2. Skema Manfaat Layanan Tambahan (MLT) Pemulihan Rumah dan Usaha, MLT diarahkan tidak hanya pada perumahan, tetapi juga:
- Rehabilitasi tempat usaha mikro pekerja;
- Skema pembiayaan ultra-ringan dengan jaminan saldo JHT;
- Sinergi dengan Himbara dan BPD.
3. Skema Perlindungan Sementara Pekerja BPU Terdampak Bencana, Menginisiasi:
- Bantuan tunai sementara berbasis kepesertaan aktif;
- Pendanaan melalui optimalisasi TJSL dan hasil investasi;
- Model pilot project di wilayah Sumatera.
4. Digitalisasi dan Simplifikasi Klaim Darurat
- Fast-track claim berbasis data kependudukan dan kepesertaan;
- Penghapusan dokumen non-esensial;
- Pos layanan BPJS Ketenagakerjaan di lokasi bencana.
Proyeksi Dampak Yang Diharapkan
Kebijakan program diatas kata kuncinya adalah adaptifitas program eksisting ’’terbatas’’ pada zona bencana sehingga diproyeksikan menghasilkan dampak sebagai berikut:
- Menurunkan risiko kemiskinan ekstrem pasca bencana melalui perlindungan pendapatan sementara;
- Menjaga keberlangsungan kepesertaan aktif, khususnya pekerja informal;
- Mencegah PHK lanjutan akibat tekanan biaya pasca bencana;
- Mempercepat pemulihan ekonomi lokal melalui stabilisasi daya beli pekerja.
Dari perspektif makro sosial, biaya intervensi jauh lebih kecil dibanding biaya sosial akibat:
- kemiskinan baru;
- konflik hubungan industrial;
- beban bantuan sosial jangka panjang.
Selain dampak yang dapat dicegah di atas, relaksasi yang bersifat temporer dan berbasis zona bencana dan bukan kebijakan nasional permanen akan memberikan peluang keberlanjutan kepesertaan bagi peserta terdampak bencana. Skema kebijakan yang berupa penundaan (deferment) dan bukan penghapusan hak iuran, secara kas dampaknya sangat kecil dibanding total arus masuk DJS tahunan sehingga tidak menambah liabilitas jangka panjang. Disamping itu, dampak reputasi positif bagi lembaga BPJS TK justru meningkatkan kepercayaan dan kepesertaan jangka panjang serta kepercayaan publik adalah intangible asset lembaga.

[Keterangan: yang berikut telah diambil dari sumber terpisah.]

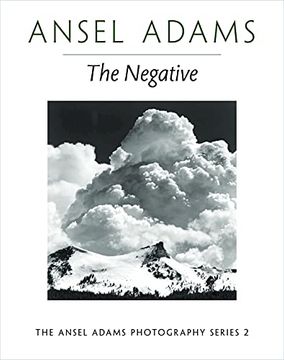 portada New Photo Series 2: Negative: The Ansel Adams Photography Series 2 (en Inglés)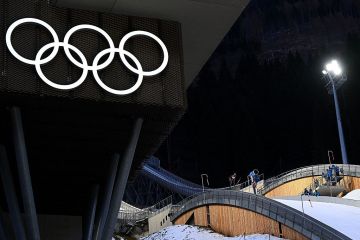 В Латвии рекомендовали спортсменам избегать россиян на Олимпиаде в Италии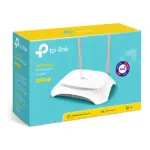 Belaidis maršrutizatorius TP-Link TL-WR840N, vaizdas 4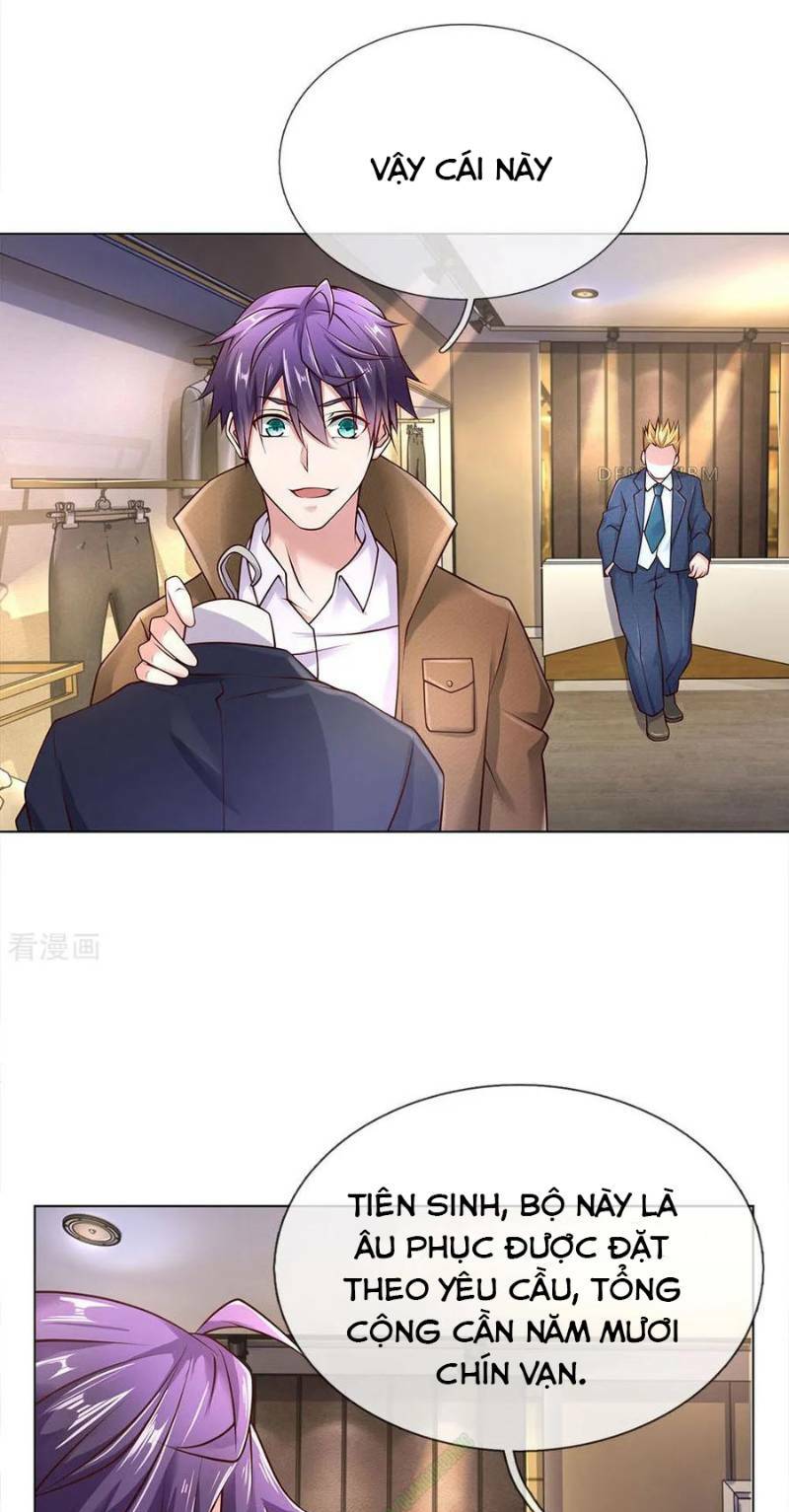 cực phẩm yêu nghiệt chapter 43 11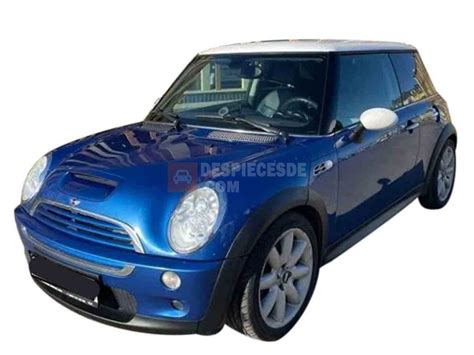 Despiece Mini Hatch R Cooper Sd Cv Ref Compra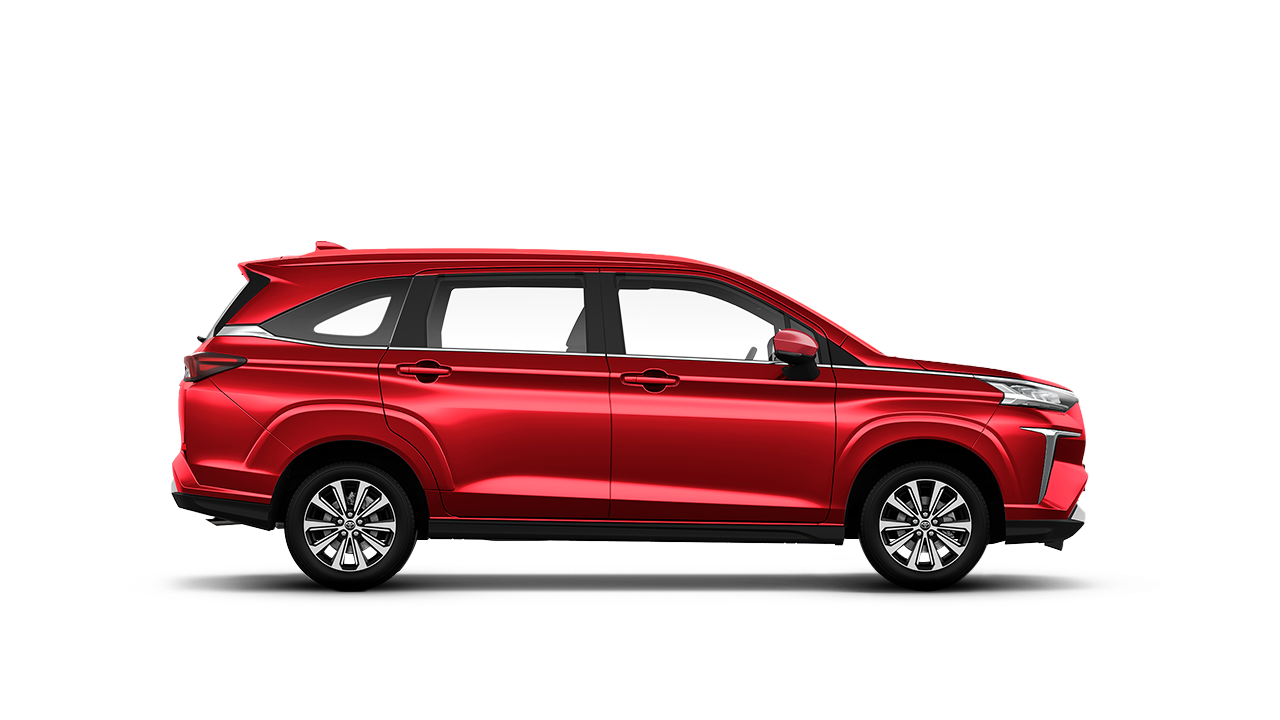 Dark Red Mica Metallic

Peran yang nyata dari BPJS Ketenagakerjaan dalam kondisi bencana bagi peserta khususnya sangat berarti. Serikat Pekerja berpandangan bahwa ketidakhadiran kebijakan perlindungan pasca bencana merupakan risiko kelembagaan yang lebih besar dibanding risiko fiskal yang terukur. BPJS Ketenagakerjaan harus diposisikan sebagai institusi jaminan sosial yang responsif terhadap bencana, demi menjaga martabat pekerja dan mencegah lahirnya kemiskinan baru akibat musibah alam. Kalau dapat digambarkan benefit kualitatif yang didapatkan dengan hadirnya peran/intervensi BPJS TK:
| Komponen | Tanpa Intervensi | Dengan Intervensi BPJS TK |
| Kepesertaan aktif | Menurun drastis | Stabil & berlanjut |
| Risiko kemiskinan | Tinggi | Terkendali |
| Beban APBN | Tinggi (bansos) | Minimal |
| Kepercayaan publik | Menurun | Meningkat |
Dapat disimpulkan, peran/intervensi BPJS Ketenagakerjaan bersifat high social return, low fiscal risk. Dengan hadirnya peran BPJS TK dalam bencana Sumatera juga dapat dimaknai sebagai bentuk hadirnya Negara melalui instrumen jaminan sosial dan menjadi wujud kuatnya sebuah Negara. “Negara yang kuat adalah negara yang pertama hadir ketika pekerja/buruh kehilangan segalanya akibat bencana.” (Zen)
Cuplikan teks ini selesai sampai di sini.